Kalvos & Damian is both historical and new. Get the RSS feed for new content info on
Noizepunk & Das Krooner, interview transcripts, and K&D: In the House! More info.
Kalvos & Damian Logo

Chronicle of the NonPop Revolution


 
The Essay
Show #275
The Canal of Schlemm
David Gunn

Midway between the titanium-rich fumarole fields of middle Nebraska and the Philistine Snorkeling Club's dinghy permanently moored above the Marianas Trench in the North Pacific lies ... well, nothing, really -- just a big, multi-hued dune in the northern Libyan Desert whose shifting grains of sand have arranged themselves -- and I'm sure this is mere coincidence -- into the same Fibonacci sequence that describes the apogee of the Great Humming Asteroid®, which has been on a collision course with Earth for at least 6,600 years, but each time it closes in on its target, some astronomical anomaly occurs that skews the planetoid's trajectory and saves Ma Earth from devastation. Anyway, there's nothing else there of note. But, travel 165 kilomiles due north and there, on the Gulf of Sidra coast, lurks the city of Bengasi, population 401,282. While no relation to the storied musical shaman of the New Hampshire desert, the locale nonetheless shares several similarities with him: the distilled aroma from all of the city’s unlicensed street vendors, ground up into a blancmangelike paste, rewards the sniffer with a bouquet of cedar, rust and a Möbius No-Pest strip; when asleep, the city emits a high-pitched whistle that sends fogdogs from the adjacent Algonquin Hole into paroxysms of ecstasy; and neither it nor Beano had any inkling that its 401,283rd inhabitant would be Carl O. Schlemm, inventor and sole wholesaler of the cell telex.

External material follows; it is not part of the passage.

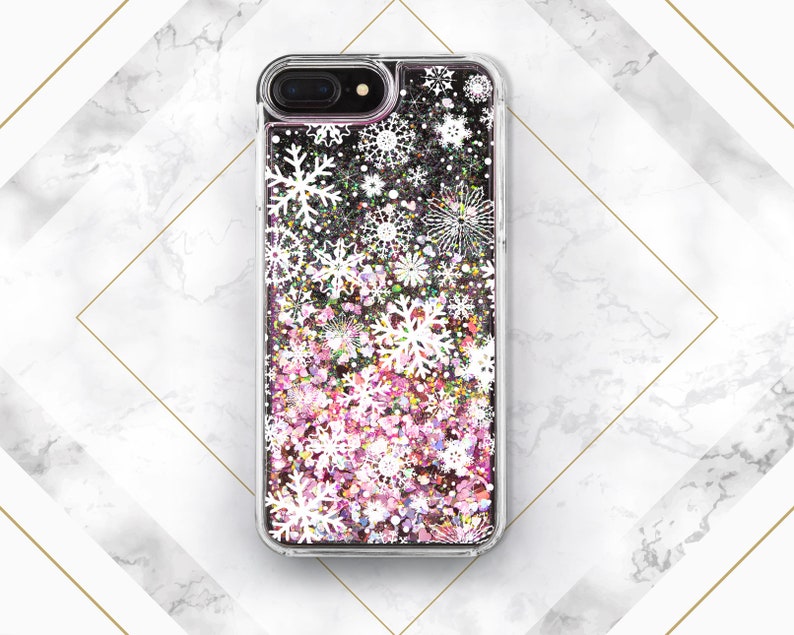 May include: A clear phone case with a glittery pink and white snowflake design. The case is designed for an iPhone.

But Carl Schlemm's reason for moving to Bengasi was not driven by a Third World hunger for wireless teletypewriter systems, and it would be a cheap laugh to speculate that it was driven by Emerson Fittipaldi in a Renault Twingo. Rather, he had an idea how to improve the massive artificial river project that Muammar al-Qaddafi started in 1991. Now, as most Libyantologists know, the river was designed to transport water from beneath the Libyan Desert -- coincidentally, from an aquifer directly under the multi-hued Fibonacci-flavored sand dune -- to the thirsty coastal cities of Bengasi and Tripoli. But the hostile climate was simply too much for the crudely engineered agglomeration of aqueducts, dikes and convoluted conduits, and the water had yet to successfully reach its destinations. Frustrated, Qaddafi had offered a prize of one million camels -- the ruminants, presumably, not the figure skating spin -- to anyone who could make the beleaguered system work. Enter Carl.

The Canal of Schlemm

Months earlier, while poring over minuscule fractal notations on the blueprints for his telecommunications contraption, Carl fell ill with an aneurysm in his left eye. His HMO assigned him an orthodontist, who gave him some conjunctivitis ointment, a dognosed copy of "Gray's Anatomy," and told him that, while he might find the chapter on the eye that began on page 824 instructive, the section on teeth, pages 871-881, was not to be missed. Fortunately, the medicine did the trick. But still Carl read all sorts of interesting facts about the eye. For example, did you know that eyelashes are made of the same substance found in kazoo membranes? All right, so maybe he was having trouble focusing that day. But on page 826 he did learn of a curved cavity between the eye's cornea and iris called the Canal of Schlemm. And when Carl learned of the waterway dilemma in the Libyan Desert, the solution came instantly to mind: build a Canal of Schlemm.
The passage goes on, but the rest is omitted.